My friends told me this weekend that I have a lot of amusing bathroom stories (Consider that a warning.)
I think I’m just unlucky. And I drink a lot of water.
Last week I was in my favorite Starbucks and noticed signs on both sides of the ladies’ room door. “KNOCK first!” on the outside and detailed instructions telling you how to know if the door was really locked were posted on the inside.
Just to be safe I positioned a kid outside to guard.
Last winter at the enormous Jo-Ann fabric store a lady walked into my stall and then started a conversation, but I figure that was cosmic pay-back for what I did at Dunkin’ Donuts last year.
I was on a trip to Hershey, PA, (a chocolate wonderland) and went with a friend, her son, and my daughters to the Dunkin’ Donuts right by Hershey Park.
We walked into an almost-empty restaurant.

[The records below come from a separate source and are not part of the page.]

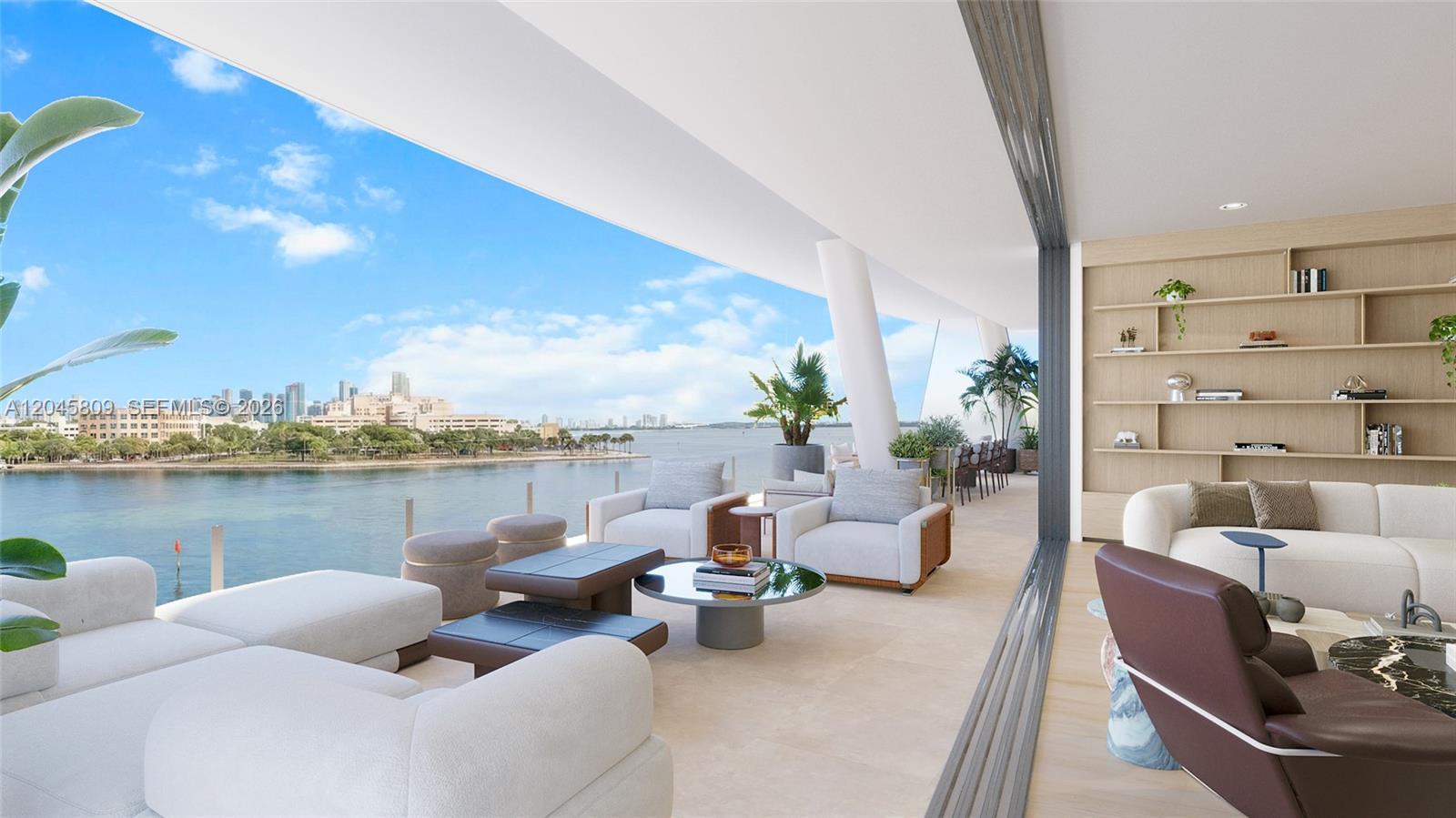 This rendering shows a modern indoor-outdoor living space with a balcony overlooking a bay — 5 Grove Isle # L405, Miami FL 33133, MIAMI, FL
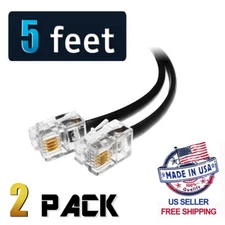 (2 Pack) 5 Feet Black Telephone Cable Rj11 6p4c 60" Phone Line Cord 5ft
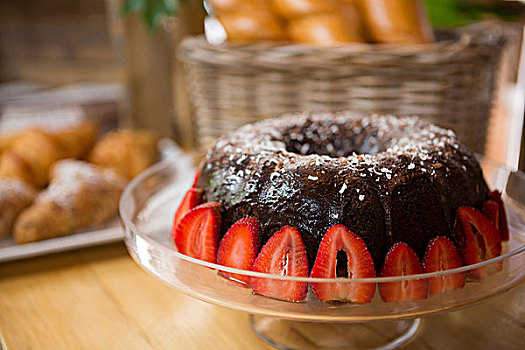 蛋糕,围绕,草莓,咖啡馆,特写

One lady employee was washing the front windows and a younger lady employee was behind the counter.
My group went to the counter to order. I decided to go wash my hands.
At the ladies’ room, the handle didn’t turn all the way easily and seemed to be stiff, so I pulled extra hard.
Of course, the employee who’d been cleaning the windows was now on the toilet. The door wasn’t stuck, it had been locked. An awkward moment ensued. I backed out, gibbering and apologizing. Very embarrassing for both of us, but mostly her.
I returned to my friends, ordered and found a table in the far corner. My friend was going to the loo before we left and I told her what had happened and suggested she take her son to guard the door.
I watched her walk to the back, pull the door hard and then back away, gibbering and apologizing. The OTHER employee had been in the bathroom on the toilet and the door had not adequately locked.
We fled the premises. In the car we were doing that awkward joking thing. I lamented the fact that we would not be welcome at that Dunkin’ Donuts if they recognized us as the bathroom intruders.
We decided if we needed an emergency blueberry cake doughnut (the best kind) we would need some sort of disguise for future visits. Since I had a Sharpie marker in my purse, I suggested finger mustaches.
I don’t think they’ll suspect a thing. What do you think? Maybe a fake French accent too?
Are there any places where you could benefit from a disguise? I may use this if I have to go back to the French bakery where my skirt blew up. I’ll use my Italian accent there.